With Washington still unable to get its act together on a new round of stimulus spending, warnings about the consequences of inaction are taking on a much more serious tone. And while it may not be a full-fledged meme shift, the word “depression” is starting to creep into the coverage.
Paul Krugman looked to the history books in his Monday column and found “only two eras in economic history that were widely described as ‘depressions’ at the time: the years of deflation and instability that followed the Panic of 1873 and the years of mass unemployment that followed the financial crisis of 1929-31.”
Then he put his cards on the table:
We are now, I fear, in the early stages of a third depression.
Yes, you have my attention.
Krugman predicted that the coming depression would look more like what he called “the Long Depression of the 19th century” than “the Great Depression of the 20th.” He warned that “the cost—to the world economy and, above all, to the millions of lives blighted by the absence of jobs—will nonetheless be immense.” But what really bothered Krugman was how we’re going to get there:
And this third depression will be primarily a failure of policy. Around the world — most recently at last weekend’s deeply discouraging G-20 meeting — governments are obsessing about inflation when the real threat is deflation, preaching the need for belt-tightening when the real problem is inadequate spending.
Jared Bernstein, chief economic adviser to Vice President Joseph Biden, also gave voice to depression worries in a Tuesday op-ed in the FT.
His main purpose was to point out the false choice that seems to dominate Washington debates these days, between job growth and deficit reduction.
That’s particularly unfortunate because America’s economy badly needs two policies that critics say pull in opposite directions: more government support for jobs and a credible path toward fiscal sustainability. The good news is that the critics are wrong.
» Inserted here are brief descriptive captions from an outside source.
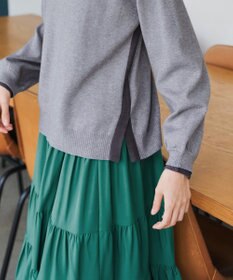 Tiaclasse 【洗える】配色ニットトップスプルオーバー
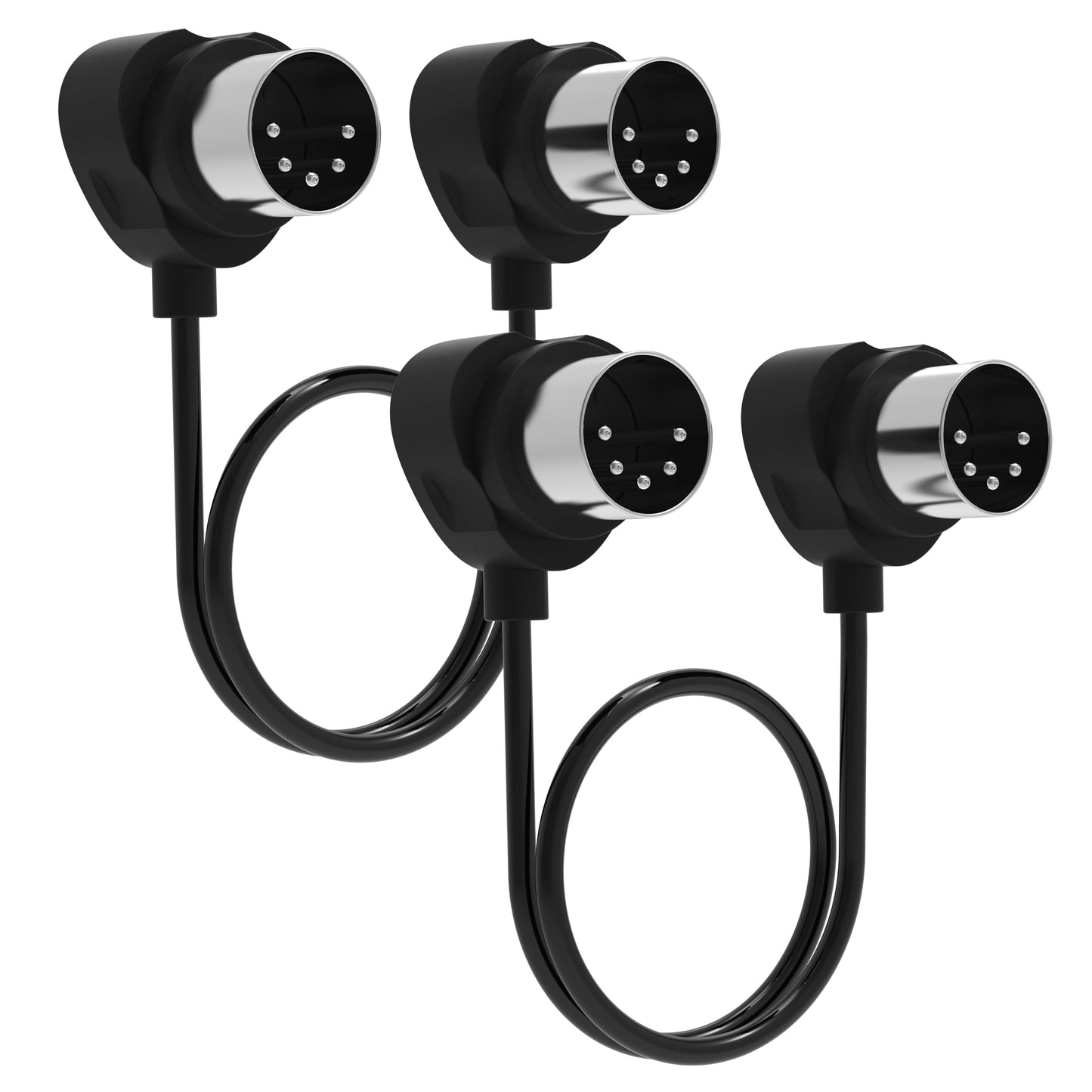 FORE 2-Pack 2-Feet / 60cm Right-Angle MIDI Cable with Ultra-Small Plugs for Tight Space, 5-Pin Din MIDI Cable Compatible with MI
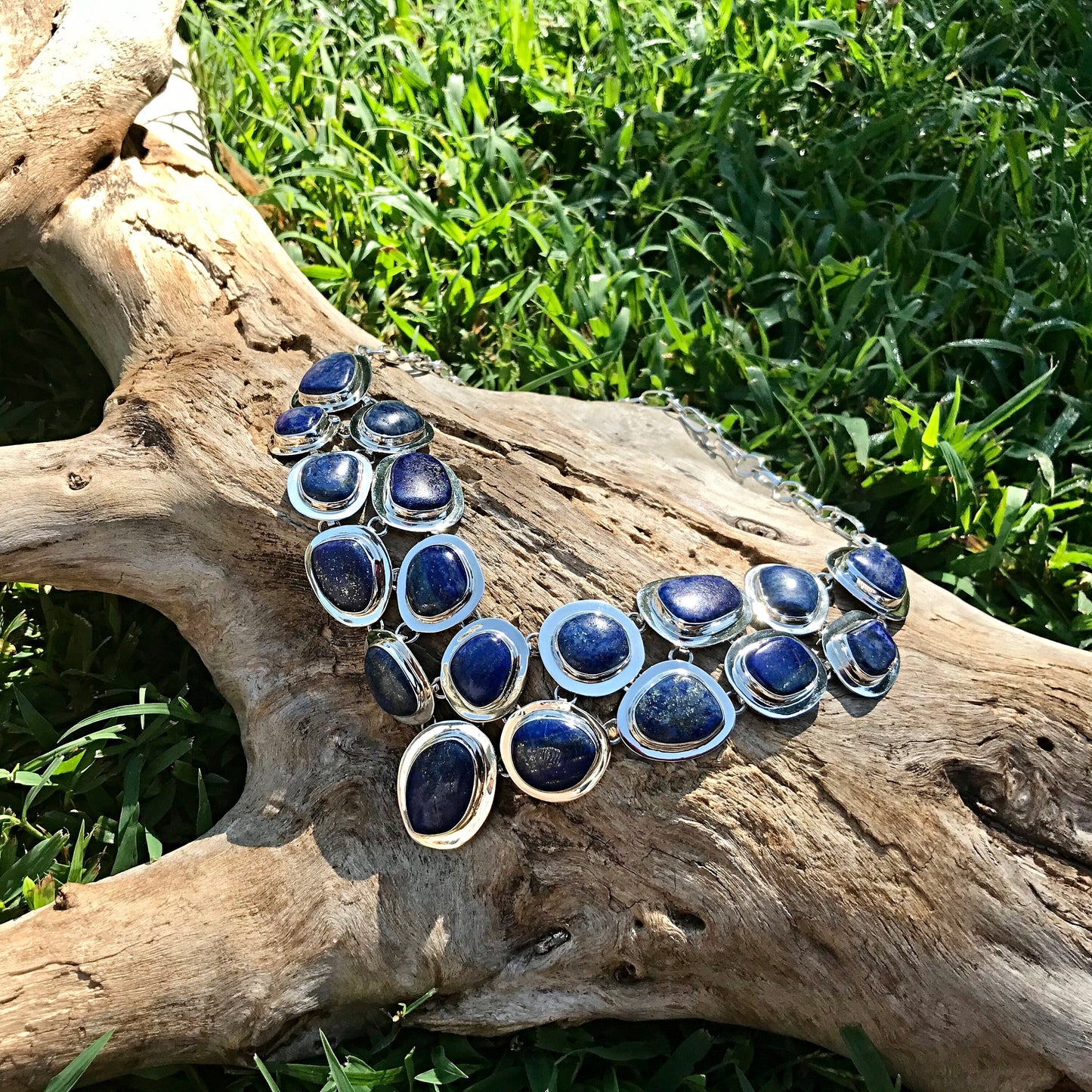 sterling silver Statement Natural Blue Lapis Lazuli Necklace Collar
In the current economic moment jobs and deficit reduction are friends, not enemies.
Bernstein argues that short-term spending doesn’t add to medium- or long-term debt burdens. Instead, it’s used “to offset a collapse in private demand,” and gets pulled back as the private sector rebounds.
These economic relationships are not unknown, so why is it proving so hard to pass legislation related to temporary jobs measures? One reason may be that members of Congress believe that, since the worst is over, now is the time to hand the growth baton back to the private sector. This is the same mistake made in the late 1930s, when it threw the country back into depression.
It’s interesting that Bernstein is making this argument on the worldly pages of the FT, just days after the president failed to persuade his G-20 colleagues that it was too soon to give up on economic stimulus and start focusing on deficits.
But it’s also clear that the White House is in the midst of a serious domestic political debate. Just look at Bernstein’s closing plea:
Thankfully, we do not have too many moments when unused capacity creates a friendship between growth and deficits. But if we fail to recognise this one, we risk unnecessarily condemning millions of American families to pain that could, should and must be avoided.
Unfortunately, it’s getting easier and easier for the press to see what that pain would look like.
Here’s one example, from the AP in Kentucky:
Gov. Steve Beshear warned Monday that more than 8,000 Kentuckians will stop receiving jobless benefits unless Congress resolves an impasse that is holding up an additional round of federal funding to financially strapped states.
The AP story quotes a woman who lost her job at an Indiana plant that makes filing cabinets and safes a year ago.
“I have never not had a job this long in my life,” she said. “They say the economy is doing better; I don’t see it.”